== Work to be completed ==
Give the records again word for word. Leave every picture out.

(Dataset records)
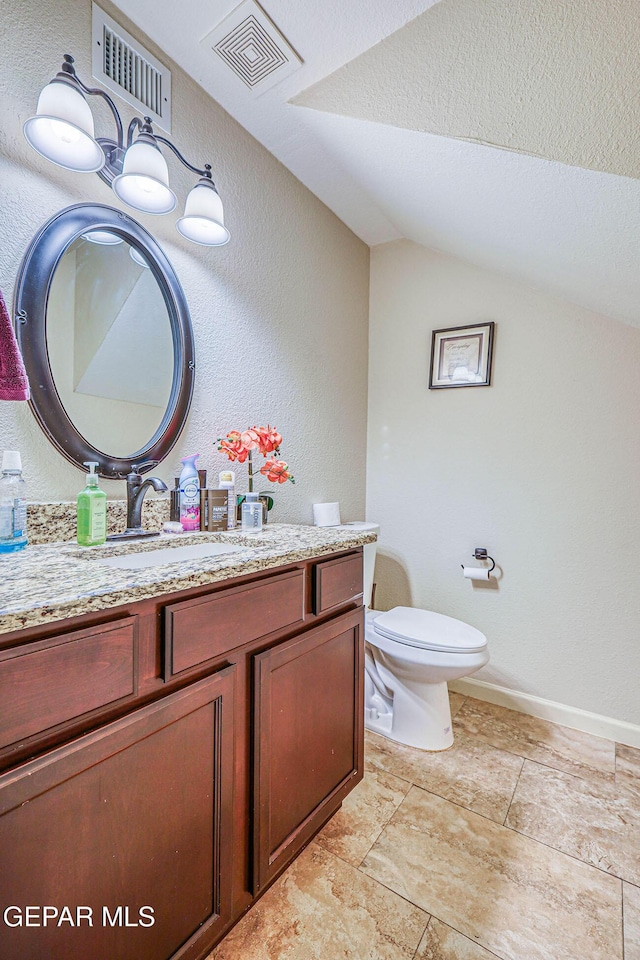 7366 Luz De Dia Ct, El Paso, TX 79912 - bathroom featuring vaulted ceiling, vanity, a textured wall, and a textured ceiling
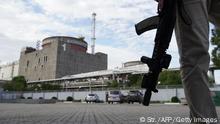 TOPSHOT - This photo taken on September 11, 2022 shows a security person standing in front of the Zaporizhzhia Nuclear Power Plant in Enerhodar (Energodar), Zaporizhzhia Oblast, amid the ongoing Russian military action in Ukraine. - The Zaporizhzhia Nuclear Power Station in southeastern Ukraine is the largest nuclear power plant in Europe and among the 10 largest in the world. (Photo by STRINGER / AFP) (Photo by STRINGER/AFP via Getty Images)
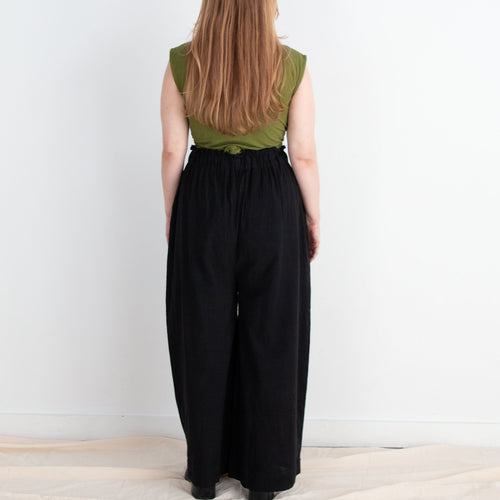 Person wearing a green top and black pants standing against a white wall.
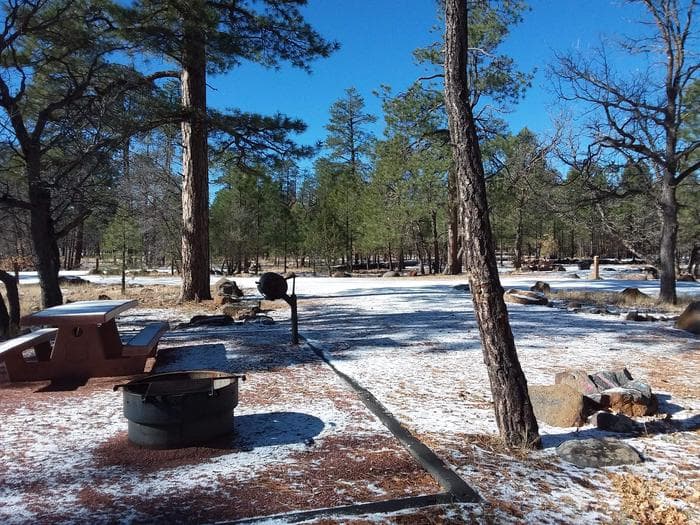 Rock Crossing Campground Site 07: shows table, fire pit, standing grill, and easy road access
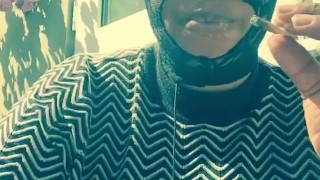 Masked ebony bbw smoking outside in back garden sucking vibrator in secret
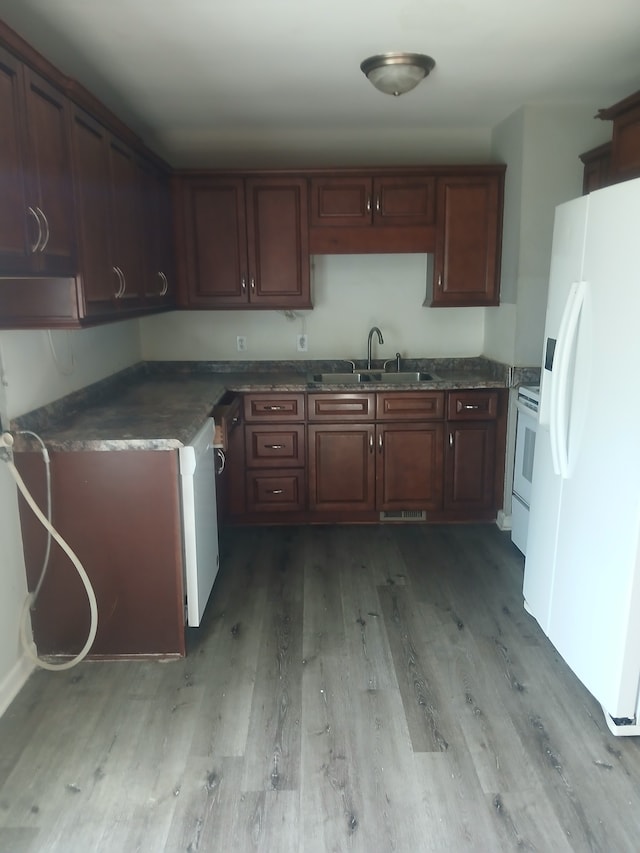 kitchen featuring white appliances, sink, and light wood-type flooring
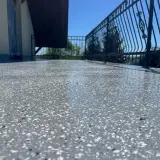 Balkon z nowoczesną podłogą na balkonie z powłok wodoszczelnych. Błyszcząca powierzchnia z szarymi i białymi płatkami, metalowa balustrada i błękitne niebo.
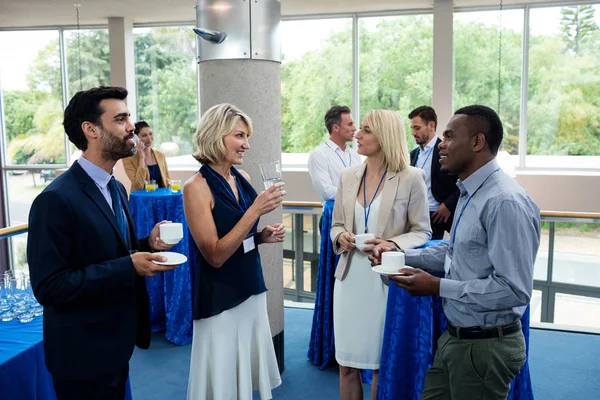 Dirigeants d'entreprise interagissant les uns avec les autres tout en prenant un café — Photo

== Exercise answer ==
 7366 Luz De Dia Ct, El Paso, TX 79912 - bathroom featuring vaulted ceiling, vanity, a textured wall, and a textured ceiling
 TOPSHOT - This photo taken on September 11, 2022 shows a security person standing in front of the Zaporizhzhia Nuclear Power Plant in Enerhodar (Energodar), Zaporizhzhia Oblast, amid the ongoing Russian military action in Ukraine. - The Zaporizhzhia Nuclear Power Station in southeastern Ukraine is the largest nuclear power plant in Europe and among the 10 largest in the world. (Photo by STRINGER / AFP) (Photo by STRINGER/AFP via Getty Images)
 Person wearing a green top and black pants standing against a white wall.
 Rock Crossing Campground Site 07: shows table, fire pit, standing grill, and easy road access
 Masked ebony bbw smoking outside in back garden sucking vibrator in secret
 kitchen featuring white appliances, sink, and light wood-type flooring
 Balkon z nowoczesną podłogą na balkonie z powłok wodoszczelnych. Błyszcząca powierzchnia z szarymi i białymi płatkami, metalowa balustrada i błękitne niebo.
 Dirigeants d'entreprise interagissant les uns avec les autres tout en prenant un café — Photo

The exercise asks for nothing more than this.